Tom Ross, co-chair of the Commission on Governance and president of the UNC system from 2011 to 2016, said ensuring board appointees come from both parties would allow dissenting voices to help shape governance decisions and prevent ideological one-sidedness.

“The board functioned at its best when there was a mix of representation,” he said. “It forced the politics out of the room and created simple, good debate among people who might have differences on the issues, but where everybody was focused on what was best for the university.”

Cooper added that he hoped the commission’s recommendations, if adopted, would lead to more diverse representation on the boards. Of the 24 members of the system’s Board of Governors, only four are not white and six are women.

“It’s critically important that we have leadership that reflects North Carolinians, whether that’s making it more racially diverse or having more women or folks from outside the Research Triangle,” the governor said.

A Long-Shot Bet on Bipartisanship

The commission was clearly designed to be bipartisan. Cooper named Ross and fellow former UNC system president Margaret Spellings, who were appointed by opposing political parties—Spellings served as George W. Bush’s education secretary—as co-chairs and added members from across the ideological spectrum.

“There’s a lot of political posturing on all sides, but I think [the commission] will get a fair hearing,” Ross said. “I believe there’s always room to find middle ground, and that every public servant, regardless of whether we agree or not, has that desire in their heart.”

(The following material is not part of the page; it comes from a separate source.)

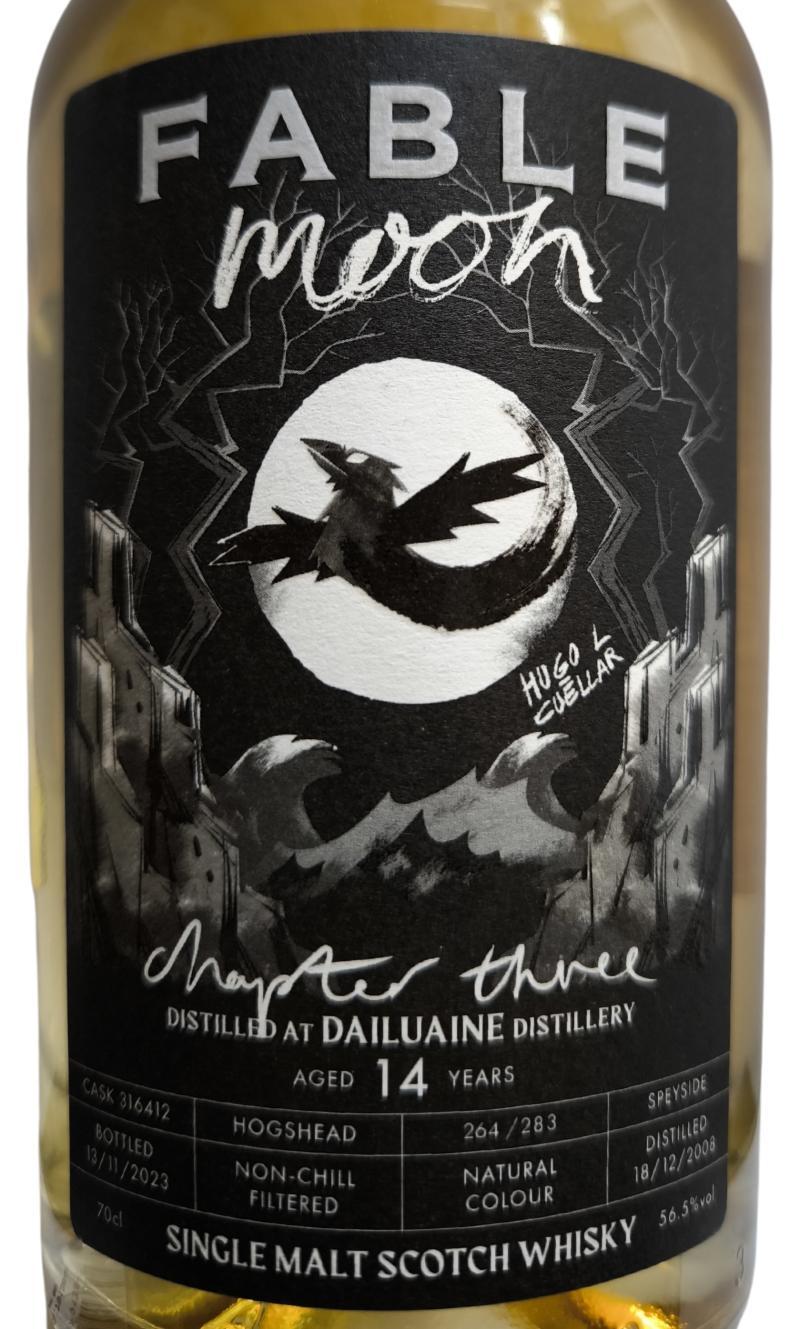 Dailuaine 2008 PSL  Fable Whisky - Chapter Three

Other sources from both parties said that kind of bipartisan goodwill is in short supply these days. Perry said that while the commission’s recommendations would “certainly make a big difference in ensuring some parity and diversity” on the boards, he’s doubtful state lawmakers will see much reason to even consider adopting them.

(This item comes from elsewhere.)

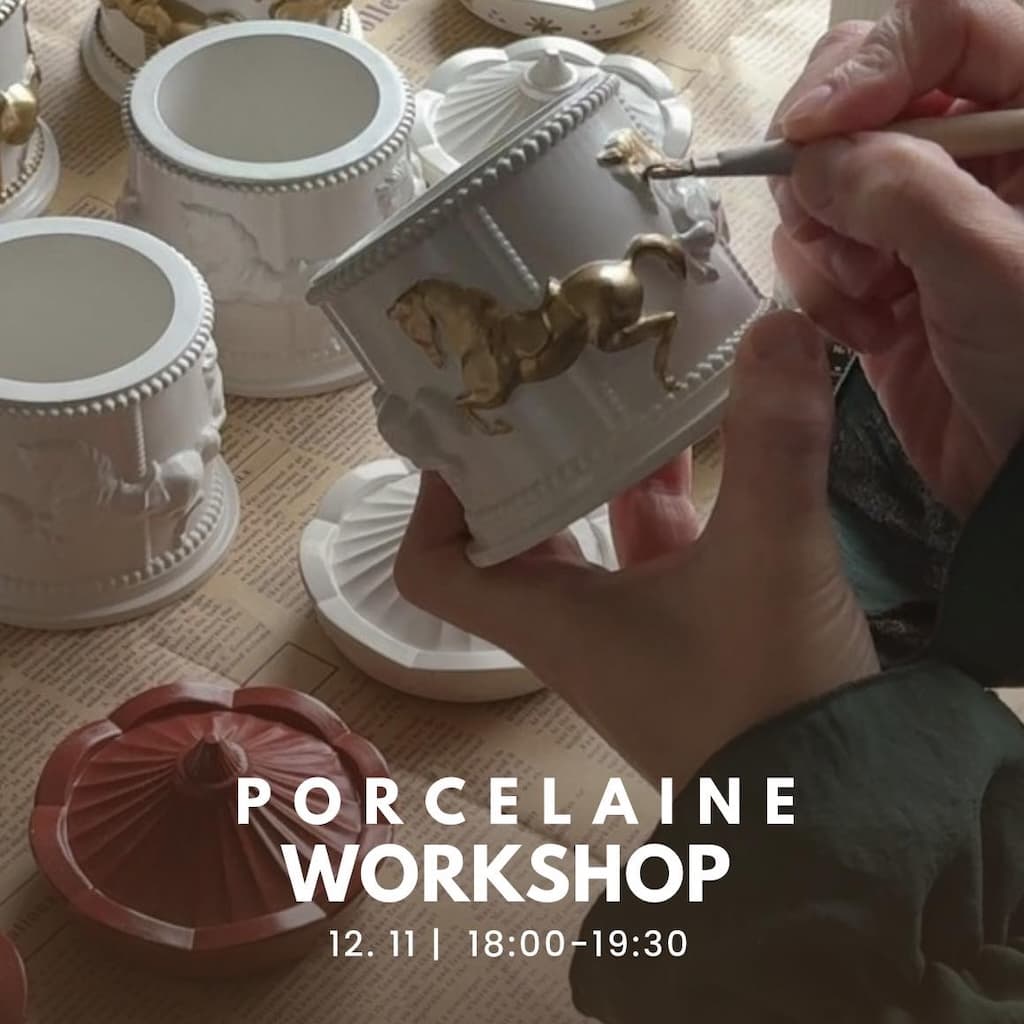 Porcelaine workshop nov 25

“Lawmakers and their appointees have certainly suggested in their words and actions that they are willing to subordinate the well-being of the university system to try and promote their political agenda,” he said.

Kotis, the Republican-appointed Chapel Hill board member, saw no clear path toward compromise, either.

“[Cooper] has no good hand right now, no leverage at all” over Republican state assembly members, he said. “The punch line for all of this is the Democrats are doing it because they don’t like that they’re not in power anymore. That’s the long and short of it.”

Even within the commission, partisan fault lines started showing shortly after its launch. House majority leader John Bell joined the commission in November but quickly distanced himself after taking issue with its focus on “diversity and inclusion and wokeness and power grabs and personal political agendas,” as he told The Assembly. But he is still listed as a member on the governor’s website.

(Bell did not respond to Inside Higher Ed’s request for comment in time for publication.)

Ross and Cooper agreed that the commission’s recommendations are part of a long-term strategy to pressure lawmakers to compromise.

“Whether they [adopt the changes] or not, during the months before they come back for the next session, I think you’re going to have a lot of alumni, a lot of people who are deeply concerned and love our university, who will read this report and advocate for it,” Cooper said. “And I think legislators are going to hear from them.”